I ordered mine yesterday.

If it works out and I am sure it will I plan to also order a Polyscience Sous Vide to do larger batches of food at a different temp.


----------



## Greg Who Cooks (Jun 19, 2013)

OMG!!! OMG!!! OMG!!! I got it TODAY!!!   

I picked it up late morning but I had lots of shopping to do (I'm moving into my new home) so I didn't get it unpacked until about an hour ago. One of my stops was to pick up some rib eye steaks at Trader Joe's. See the OP, the experiment I suggested almost two years ago I'm doing tonight!

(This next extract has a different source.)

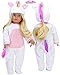 Sophia's 2 Piece Unicorn Costume with Enclosed Feet and Rainbow Tail Plus Hat with Mane, Ears and Gold Horn for 18 Inch Dolls, White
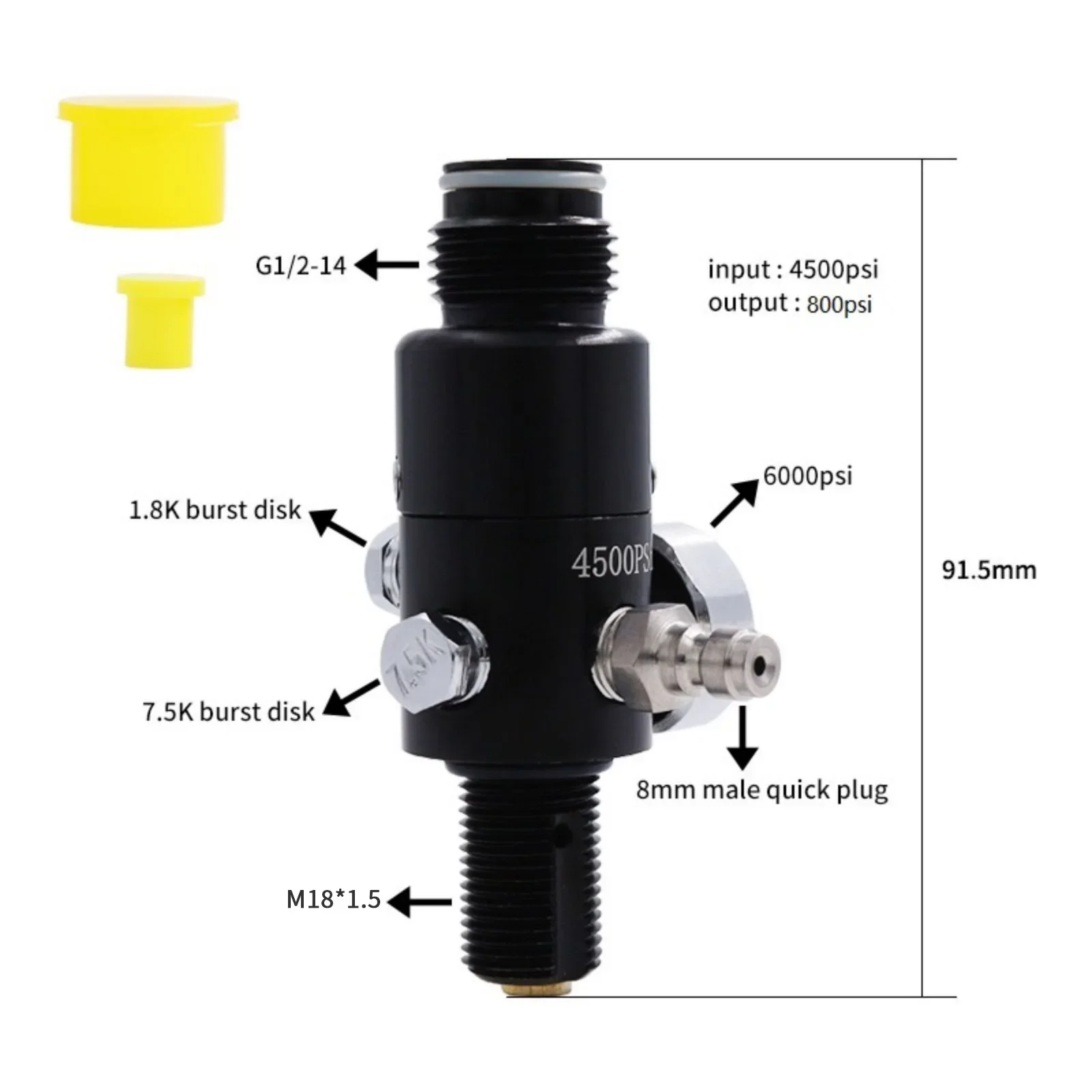 4500Psi 300Bar 800cc 48ci Carbon Fiber Cylinder with Regulating Valve 0.8L High Pressure Cylinder HPA Scuba Diving Tank M18*1.5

My SVS10LS didn't come with a quick start guide but it came with two DVDs, one of them with a quick start video (perhaps 4-5 minutes, and other stuff on the DVD I haven't watched yet). In the QS video they demonstrate cooking chicken, and cooking beef.

They suggest seasoning before cooking, but my proposed experiment was to discover if you could go TJ --> Sous Vide --> done, without breaking the seal. They commented that storage bags may not be appropriate for sous vide cooking. I'm offering my body up to science, and besides, one time won't kill me, and anyway I don't want to unpack the vacuum sealer and read the manual and yada yada...

The QS video suggests for steaks to either sear one side, after cooking, (choose your method) or quickly saute one side in foaming butter. Or you can use a propane torch, I have the torch they used in the video, you can get it at BBB, but in the current state of my household there is no hope of finding the torch tonight. (Their statement to brown just one side suggests it's for appearance... ???)

Another point brought up in the video is that thickness is more important than cooking time. In the video they said you could bring it up to temperature (and minimum time) and then just let it sit until you feel like serving it. (You might want to reduce the temperature if you're considering 24 hour cooking periods.)

I didn't really research this subject all that much. I had more "covet" than "want to know" in me when I decided to get the sous vide. I think I'll be happy with my "water oven" (as they are sometimes referred) no matter what it's good for, I'll find out what the best recipes are.

I'm totally fascinated by the idea that this is high end gourmet professional cooking being introduced into the cooking enthusiast amateur chef regime which is what I consider myself, an "amateur chef." The price of admission is just a bit over $400 so it's not really super expensive. (PPT, what did you pay and where did you get it?)

So tonight I'm cooking my TJ rib eye steak at the recommended 134 degrees F, for 1-4 hours for 1" thickness. It's been in for 20 minutes now so I'm considering serving in about an hour or an hour and a half. I have some left over salted butter I used for my lobster a few nights ago, so I'll probably give it a quick saute (on one side per the video) and serve it. I'll report back on how it all worked out.


----------



## powerplantop (Jun 19, 2013)

Greg Who Cooks said:


> OMG!!! OMG!!! OMG!!! I got it TODAY!!!
> 
> 
> I'm totally fascinated by the idea that this is high end gourmet professional cooking being introduced into the cooking enthusiast amateur chef regime which is what I consider myself, an "amateur chef." The price of admission is just a bit over $400 so it's not really super expensive. (PPT, what did you pay and where did you get it?)
> ...



I ordered the SousVide Supreme Promo Pack direct from the manufacture for $499. 

I am still waiting.


----------



## Greg Who Cooks (Jun 21, 2013)

PPT, don't you have Bed, Bath & Beyond? Anyway it's worth $500 too! I'm looking forward to your posting your initial experiences, and hope you like it as much as I do. I've told several friends and relatives all about my new Sous Vide and invited them over (not all at once) to enjoy my new cooking method.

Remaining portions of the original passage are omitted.